Sens. Wyden and Smith should be alarmed by Sen. Stevens' business dealsEven within a political culture that is corrupt, the story of Sen. Ted Stevens raises eyebrows. Published by The Los Angeles Times in December, the story details how Alaska's senior senator has built a private fortune through connections with businesses whom he's rewarded as chairman of the Senate Appropriations Committee.
Businesses who were about to benefit from appropriations that were engineered by Stevens would cut the senator into their business. One Stevens investment of $50,000 turned into $750,000 in six years.
These businesses have also rewarded Stevens' wife, son and brother-in-law.
Stevens has responded to the Times article by saying that he is only doing the bidding of Alaskan constituents.
Senators are reluctant to look this reality in the face. Senate Ethics Committee Chairman George Voinovich of Ohio would not talk to the Times about issues raised in its article.
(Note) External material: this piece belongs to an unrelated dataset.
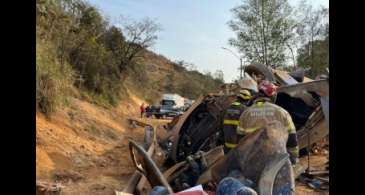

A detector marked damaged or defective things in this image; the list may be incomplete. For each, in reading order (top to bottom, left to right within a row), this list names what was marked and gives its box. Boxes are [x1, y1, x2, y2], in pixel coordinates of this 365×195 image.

crumpled car wreckage [118, 64, 328, 195]
overturned vehicle [119, 63, 328, 193] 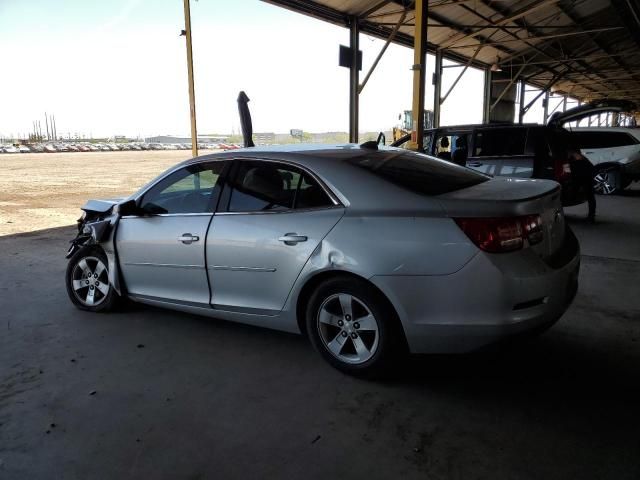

Senators such as Oregon's Ron Wyden and Gordon Smith should recognize that Sen. Stevens' deals make the Senate look very bad. There is a growing gulf between rich and poor in America, with the middle class vanishing. A powerful lawmaker who amasses huge profits from the business of lawmaking compounds the suspicion that the fix is in - that Congress is one giant protection racket in which the well connected get rich and the rest of America can just go away.